U.S. Treasury Secretary John Snow said on Friday he was confident the Federal Reserve will protect growth by keeping inflation in check, and denied the Bush administration was softening its strong-dollar policy.

The U.S. Treasury chief spoke to the Bond Market Association and spent an hour on CNBC television, covering an array of topics from China to foreign investment flows to whether the Bush administration was becoming less forceful about advocating a strong dollar.

I don't think so, it's the policy. It's in our interests, Snow said on CNBC. But we also say as well that currency values should be set in open, competitive currency markets, to be in line with underlying supply and demand and market forces.
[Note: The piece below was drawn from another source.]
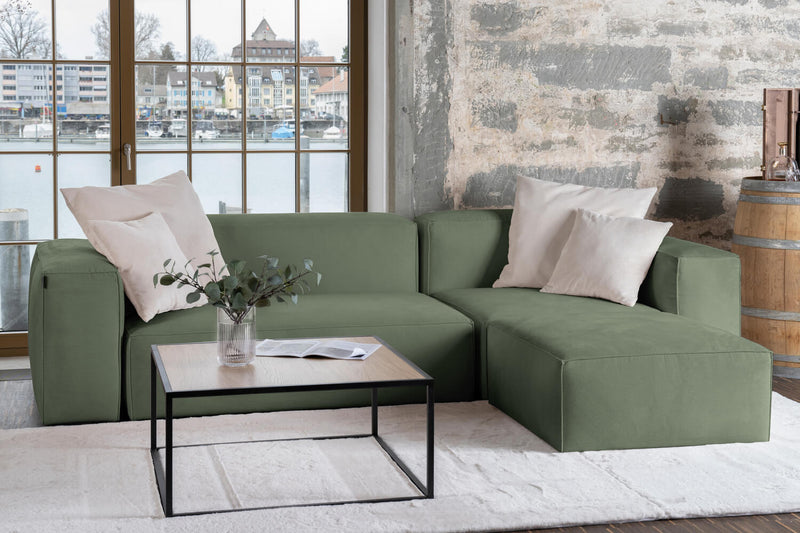 Modulares Sofa Harvey L mit Schlaffunktion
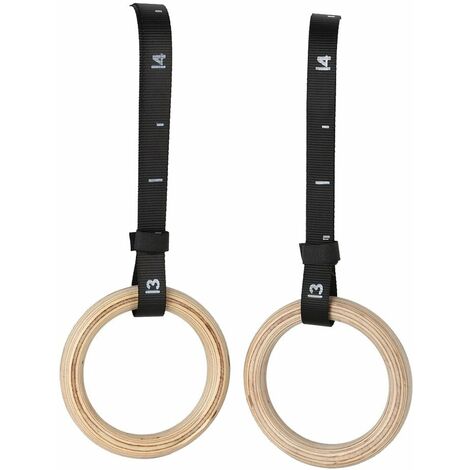 CAGL - Coppia anelli da ginnastica legno faggio cinghie nylon regolabili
Following the Group of Seven finance ministers' meeting in Washington on April 21, many analysts felt the ministers were willing to see the dollar's value decline as part of an effort to reduce global imbalances, including the U.S. trade deficit.
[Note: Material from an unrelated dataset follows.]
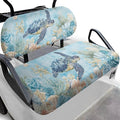 Golf Cart Seat Covers, Universal Fit & Nonskid Bottom Fits for Club Car 2 Person Seats Golf Carts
Snow insisted that Washington still backed a strong dollar.

It's a policy we've made clear, that Japan signed on to, the statement coming out of the G7 (finance) ministers' meetings, which said open, competitive markets are the best way to set currency values, Snow said, adding: I say our policy is the strong dollar.
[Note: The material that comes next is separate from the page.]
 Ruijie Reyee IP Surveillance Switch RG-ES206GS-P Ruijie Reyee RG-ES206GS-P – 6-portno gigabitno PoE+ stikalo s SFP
At a noon address to the bond market group, which includes representatives from Wall Street's top investment firms with a strong interest in restraining inflation, Snow offered an upbeat assessment.


While it's true that headline inflation has picked up, core inflation remains in check, he said, adding that U.S. central bank policy-makers fully understood how vital it was that the rate of price rises remain under control.

I have full confidence that Chairman (Ben) Bernanke and the ... (Federal Reserve) are committed to price-stability and understand that this is their No. 1 priority, he added.

The Fed has raised short-term interest rates -- its key tool for maintaining stable prices -- 16 times since mid-2004.

In his television appearance and again before the bond group, Snow faced questions about why Treasury declined an opportunity to name China a currency manipulator when it issued a report on currency practices to Congress last week.

As he did before Congress in two earlier appearances, Snow expressed displeasure with Beijing over its tardiness in introducing more flexible, market-driven influences on its yuan currency.

But he said threats won't make China act.

We are very unhappy that the Chinese aren't moving faster. they need to move, Snow said. It's in their interests, it's in the interest of the global economy.

He said Treasury intends to hold their feet to the fire, but he felt the best chance of getting Beijing to let its yuan appreciate was through persuasion as the Bush administration is doing.


They respond better in the absence of threats than in the presence of threats, he said. The movement in the currency is more likely, given what we did than if we'd done the other.

U.S. lawmakers and manufacturers claim Beijing keeps the yuan deliberately undervalued by as much as 40 percent, making their goods so cheap for Americans that China gains an unfair advantage against U.S. competitors.

Snow said neither the United States nor other key trade partners should follow beggar-thy-neighbor currency policies. He ducked a reporter's question whether Japan was as committed

to letting market forces set its yen currency's value in accordance with market fundamentals.

Japan is a signatory to the G7 communique that says just that, that currency values are best left to competitive markets, Snow said at a brief press conference following his address to the bond group.

He noted that Japan has not intervened to affect the yen's value since march 2004.

Snow told the bond group that it was vital for the United States to remain open to foreign investment while protecting its national security -- an indirect reference to the flap earlier this year over a Dubai-owned company proposal to purchase operations in some U.S. ports.

He said overreaction on security could hurt foreign investment, which finances many American jobs.

On balance, though, Snow said he was confident that foreigners' purchases of U.S. Treasury securities will remain robust, helping finance America's deficits between its spending and income.

Snow said he thought there was only a very small risk of these inflows drying up and foreigners weren't buying U.S. government debt to be nice but for good returns.

Snow is traveling to Egypt to meet finance ministers from the Middle East and North Africa and to discuss development in the region.